I was going to talk on two subjects today, the first being the question that the noble Lord has just addressed. I am bound to say that I cannot do better than to say that if I was in court I would agree with his arguments in their entirety, because they are overwhelming. This is relevant to the other point that I wish to address, and noble Lords may not be surprised to hear that it concerns prisons. It is a huge pleasure to me and an enormous credit to the present Lord Chancellor and Secretary of State that so many reforms are contemplated for our prison system. I agree with what the noble Lord, Lord Carlile, said about the present Lord Chancellor.

However, there can be occasions—perhaps both the topics that I want to address are the same—where it is possible that political necessity causes a course to be taken that might not otherwise be taken. In politics, there is always the danger of announcing a U-turn or of saying that you are going to interfere with sentencing, not to obtain the plaudits of the popular press by increasing sentences but by changing sentences. There may be a real element of truth in both these matters, and that may be why the Government are where they are.

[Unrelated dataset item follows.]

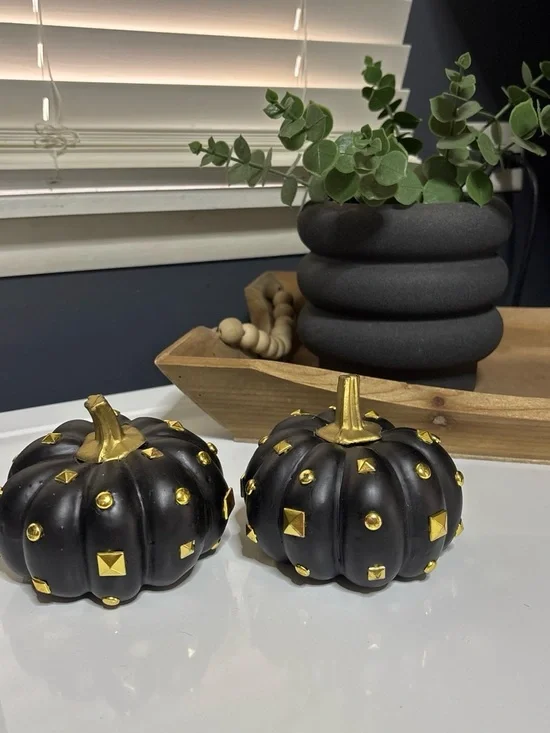 Decorative Black & Gold Studded Pumpkin Set - Home Accents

However, that does not mean that one should not welcome what is being offered because it has something that one finds unattractive. In my case, on prison reform, it is the fact that the Lord Chancellor and Secretary of State for Justice has made it clear that he feels that he can implement those reforms without interfering with the overcrowding in prisons. On 1 March, the Guardian reported that:

“The justice secretary said there was no need to ‘manage down the prison population’ or to introduce an ‘artificial target’ to reduce the number of prisoners”,

and that he revealed that the Treasury had promised to provide the funds we have heard about today.

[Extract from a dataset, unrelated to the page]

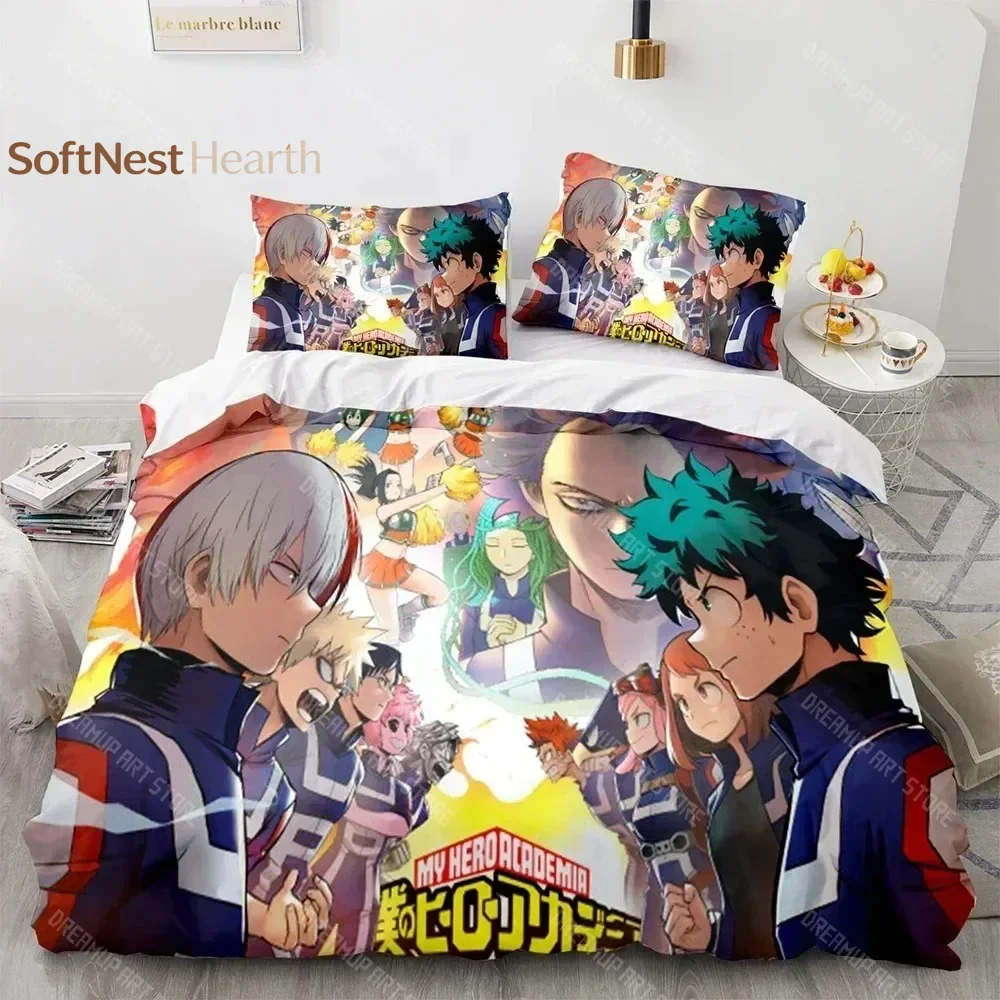 2026 3D Printed My Hero Bedding Set With Pillowcase Anime Quilt Cover Set Single Queen King Size Kids Adult Boys Bedclothes
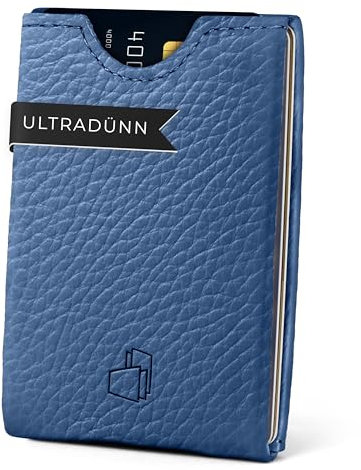 W4LLET® Kartenetui, Strukturleder Blau | Echtleder, Premium RFID Schutz | Handgefertigt in Deutschland | Ultra dünn, Slim Wallet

I have to say to the Lord Chancellor that in the period I have been involved in the prison situation, the evidence has been entirely to the contrary. The biggest problem in the prison system has been caused continuously by overcrowding. It is as a result of overcrowding that, again and again, attempts to introduce reforms have been unsuccessful. I therefore urge him as earnestly as I can to think again about that policy. It is very important that he uses his position and his powers in that position to ensure that sentences are reduced and that, as a result of the sentences being reduced, there is less of a problem of overcrowding.

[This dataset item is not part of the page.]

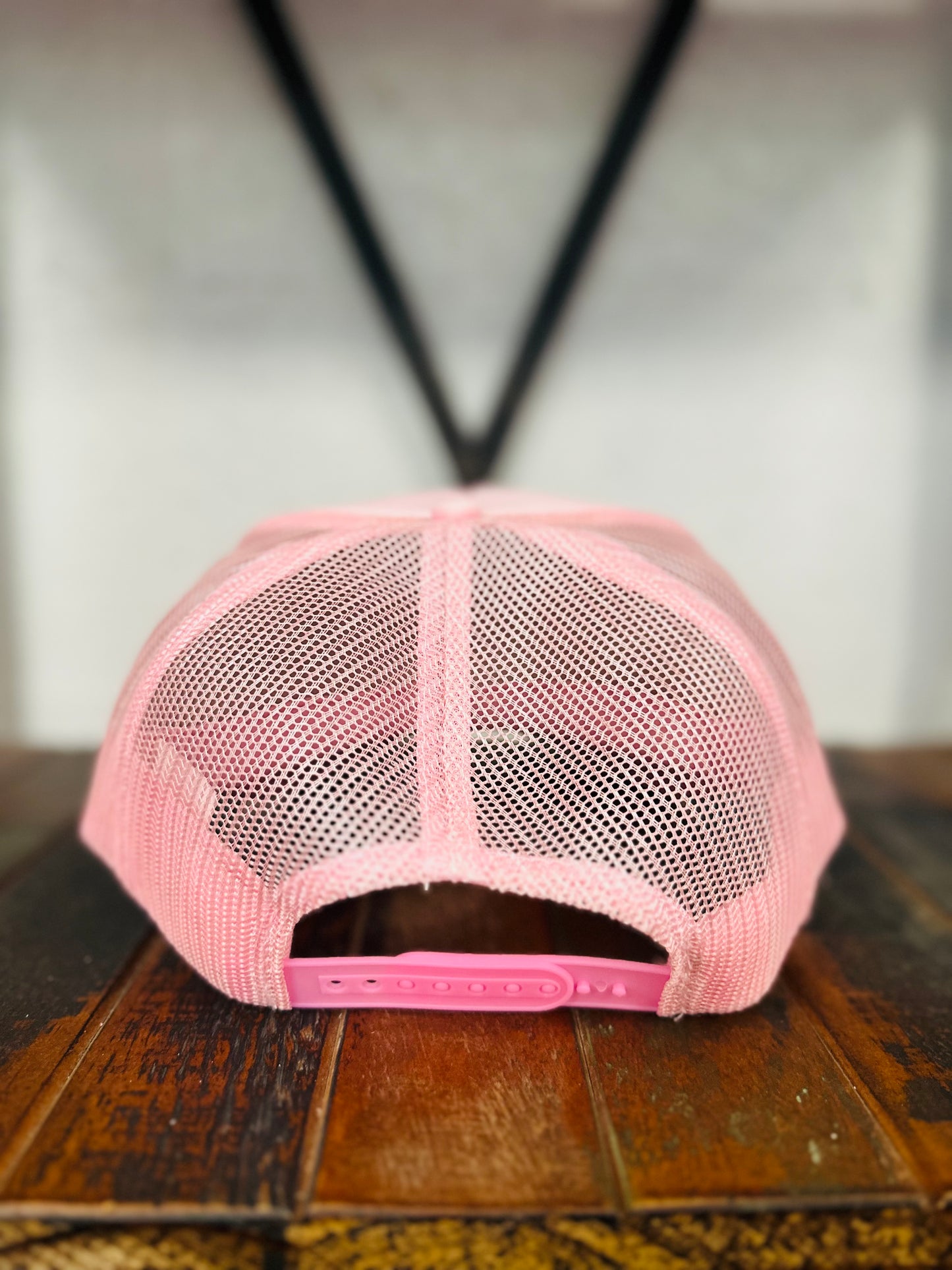 Light Pink Feather + Pearl Trucker Hat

With one eye on the clock, I suggest that he could, perhaps without standing on the toes of those who would otherwise protest at his policies, put a clause into the Bill, which I hope would become law, saying that there should be an overriding principle with regard to sentencing that would make it clear that no court should sentence an offender to imprisonment unless to do so would, in the opinion of the court, be in the interests of justice or be necessary to protect the public. If that were done, it would give confidence to the judiciary to sentence within the framework provided by the Government.